Cette double particularité fait des argiles des candidates de premier plan pour entrer dans la composition des colis de conditionnement des déchets nucléaires à vie longue, que l’on destine au stockage géologique en couche profonde. L’eau est le principal facteur potentiel de vieillissement des colis pouvant induire la dissémination des radioéléments qu’ils contiennent, mais aussi, le principal vecteur de leur transport au-delà des barrières géologiques.
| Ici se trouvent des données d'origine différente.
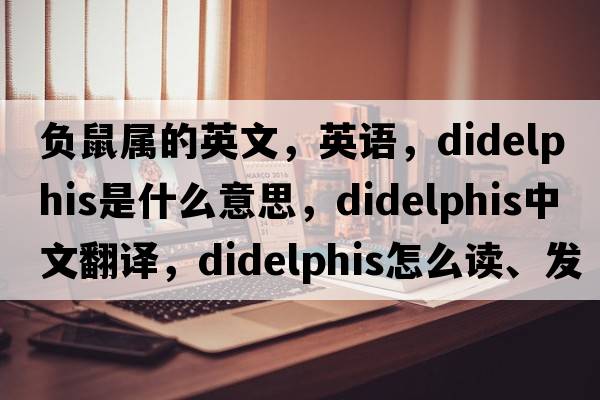 負(fù)鼠屬的英文，英語，Didelphis是什么意思，Didelphis中文翻譯，Didelphis怎么讀、發(fā)音、用法及例句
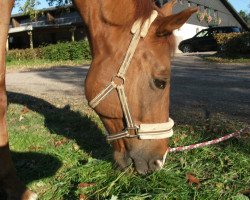 jumper Cordillio (Hanoverian, 2002, from Cordoba)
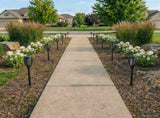 Outdoor Solar Lights with Ground Spike 12 pcs Warm White ABS 42042722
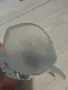 Статуетка риба стъкло , снимка 9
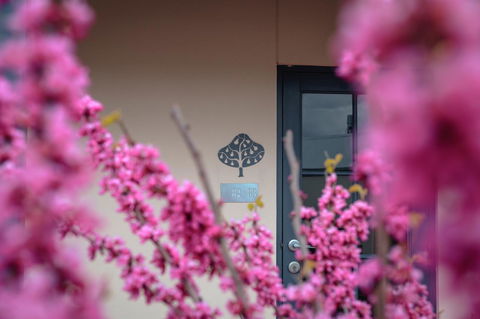 The Studios By Manna, Ascend Hotel Collection - Tourism Gold Coast 28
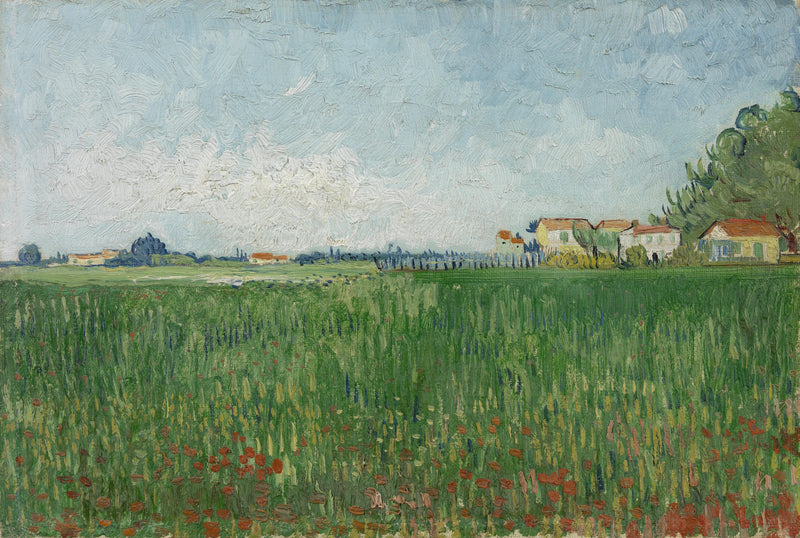 Champ de coquelicots, F576 – Vincent van Gogh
Une étude financée par l’ANDRA a permis à une équipe du Laboratoire Liquides Ioniques et Interfaces Chargées de l’Université Pierre et Marie Curie (Paris) d’étudier, en collaboration avec le Laboratoire Léon Brillouin (LLB, CEA-CNRS), le comportement microscopique de l’eau et des ions confinés dans des argiles. L’originalité du travail a consisté à combiner, à un niveau quantitatif, calculs de dynamique moléculaire et expériences de diffusion de neutrons, pour appréhender de façon détaillée la diffusion des espèces mobiles du système : eau, Na+ (contre-ion faisant partie de la structure des argiles) et Cs+, un radionucléide potentiel.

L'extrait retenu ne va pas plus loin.